Si la legislación discriminatoria y persecutoria provocó la repulsa de las más altas jerarquías eclesiásticas, ni que decir tiene que la aplicación de las leyes a niveles provinciales y municipales desencadenó nuevas protestas del pueblo cristiano, ya por la torpeza de los gobernadores y alcaldes en unos casos, ya por la arbitrariedad que demostraron en otros. Las anécdotas son innumerables a este respecto. Todas estas medidas tuvieron también sus consecuencias positivas para la Iglesia. Gracias a ellas, la opinión pública católica comenzó a despertar del letargo en que había dormitado durante decenios de Monarquía liberal y Dictadura militar. Los católicos de los años treinta del siglo XX, comenzaron a darse cuenta de lo que significaba vivir en un régimen laico. Azaña había sentenciado en las Cortes que: «España ha dejado de ser católica». Con lo cual no constataba un hecho sociológico real -ya que la inmensa mayoría de los españoles seguían y seguirían siendo católicos-, sino que manifestaba la voluntad de los nuevos gobernadores de que la nación dejara de ser católica. En este sentido resulta significativa la opinión del socialista Largo Caballero, que, en un mitin celebrado en Madrid en 1936, dijo que: «tener un presidente de la República católico, desvirtuaría el carácter laico del Estado». Y Azaña había propugnado la implantación de un laicismo dirigido desde el Estado: «con todas sus inevitables y rigurosas consecuencias».

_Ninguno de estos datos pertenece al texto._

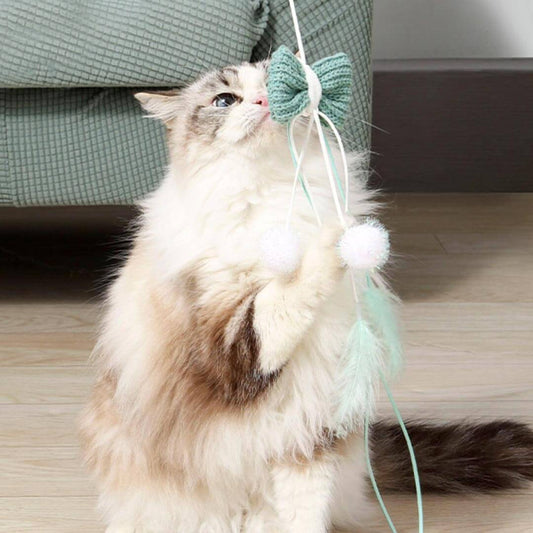 Bow Whisker Twister Cat Wand Toy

La masonería y los partidos de la izquierda, en su afán de secularizar el Estado y la sociedad a marchas forzadas, cometieron el grave error de renegar del pasado para ignorar que era imposible en aquellas circunstancias destruir la unidad de pensamiento y sentimientos que España había logrado a lo lardo de los siglos gracias a la fe católica. La Segunda República repetía muchos de los errores en lo que cayó la Primera en 1873, basada en el chiste burdo y blasfemo y en la zafia burla antirreligiosa que fomentaron los anticlericales.

Después de distintas crisis ministeriales se produce la disolución de las Cortes el 10 de octubre. El 19 de noviembre de 1933 se producen las nuevas elecciones que se saldan con la indiscutible victoria de la CEDA.

P. Gabriel Calvo | Sacerdote e Historiador

[1] Cf. José Javier Esparza, Tercios. Historia ilustrada de la legendaria infantería española, La esfera de los libros, Madrid 2017, 256.

[2] Vicente Palacio Atard, El texto de la ley está en la Gaceta de Madrid, 3 de junio de 1933, Cinco historias de la República y de la Guerra, Madrid 1973, 50.

[3] Jesús Irribarren, Documentos colectivos del episcopado español 1870-1974, BAC, Madrid 1974, 189-219.

[4] José Mª Petit Sullá, La Constitución laica de la II República, en Obras Completas, Tradere, Barcelona 2011, tomo I, vol. II, 845-852.

[5] Jesús Irribarren, Documentos colectivos del episcopado español 1870-1974, BAC, Madrid 1974, 193.

[6] Cf. Pío XI, Divini ilius Magistri, 1929, n. 10.

[7] Vicente Cárcel Ortí, La persecución religiosa en España durante la Segunda República (1931-1939), Rialp, Madrid 1990, 166-167.